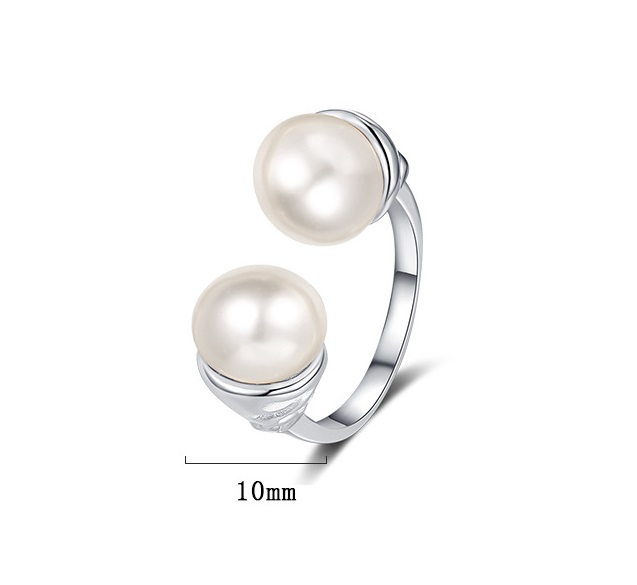 Pearl Ring Image 7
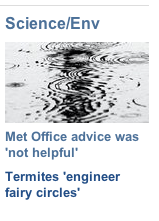 BBC Headline: Met Office advice was 'not helpful'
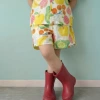 05 Huahua Fruit-Yellow Green (Pants)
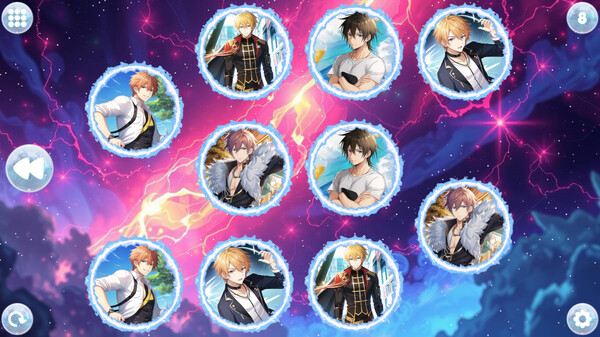 Скриншот 1 из игры Anime Dream Match: Boys
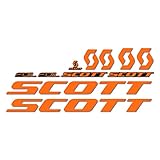 Scott Foil Frame Bike Compatible Stickers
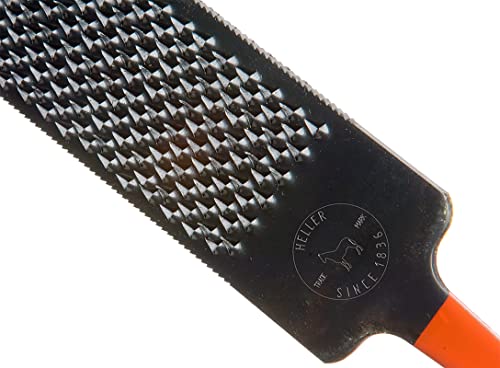 Heller Black Master Hoof Rasp, Case Hardened Steel, 42.5 x 4.3 x 0.5 cm, 1.4 pounds
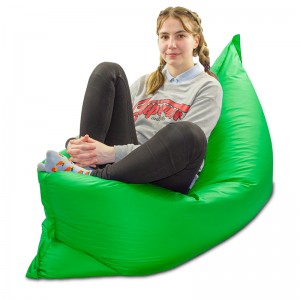 Мягкое кресло-мешок Подушка  цвет Зеленый (материал Дюспо)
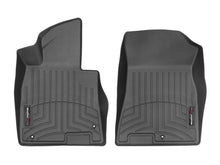 Load image into Gallery viewer, WeatherTech 2020+ Hyundai Sonata Front FloorLiner - Black | 4415981
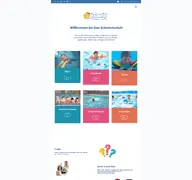 Kleine Seitenvorschau von evas-schwimmschule.de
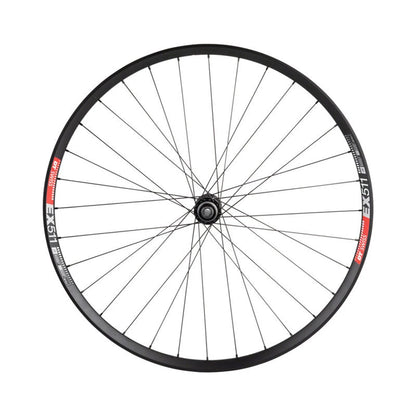 Quality Wheels DT Swiss EX 511 Shimano XTR Front Wheel - 29", 15 x 110mm, Center-Lock, Black – Basic Replacement Quality Wheels DT Swiss EX 511 Shimano XTR Front Wheel - 29", 15 x 110mm, Center-Lock, Black (Bicycle (view 4 of 4)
================
» EXERCISE INSTRUCTIONS
Beginning with the line that contains "Kleine Seitenvorschau von", print exactly every line through the end of the records, both included. Omit the pictures.

» FINISHED EXERCISE
 Kleine Seitenvorschau von evas-schwimmschule.de
 Quality Wheels DT Swiss EX 511 Shimano XTR Front Wheel - 29", 15 x 110mm, Center-Lock, Black – Basic Replacement Quality Wheels DT Swiss EX 511 Shimano XTR Front Wheel - 29", 15 x 110mm, Center-Lock, Black (Bicycle (view 4 of 4)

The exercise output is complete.